A place for everything about math

Hmm...this feels like a Lyapunov-type problem, but there's some issues. The vector function [x2,x1^-4 f] has no equilibrium, except when f = 0. So assume that f = 0. Then, the system is [x1',x2'] = [x2,0] = [0 1;0 0][x1,x2]. I believe that the zero solution satisfies your original differential equation. You would then need to find a Lyapunov function that guarantees the system is globally asymptotically stable around the zero solution. (Make sure to check for "globally asymptotically" in the stability theorem, e.g. in Theorem 3.2 of Haddad and Chellaboina (LibGen). The "asymptotic" part is what gives you the steady-state result you're looking for.) By taking the second component, I would then conclude that the limit of X' is the limit of x2, which would be 0.

But that's assuming zero input and initial state, and Lyapunov functions can be hard to find. Linearizing fails; you would have to guess a Lyapunov function.

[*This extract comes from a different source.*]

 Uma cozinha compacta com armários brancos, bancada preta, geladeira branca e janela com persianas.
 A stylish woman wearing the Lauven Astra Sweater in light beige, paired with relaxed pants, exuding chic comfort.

Honestly, from an engineering perspective, I think you should just simulate the system. In particular, instead of leaving f(t) as a function, I suggest plugging in the second-order ODE and numerically solving the resulting composite fourth-order ODE system for your RLC values and some deviations from those values. Simulating it might give you an ansatz (educated guess) on if or where the system has equilibria.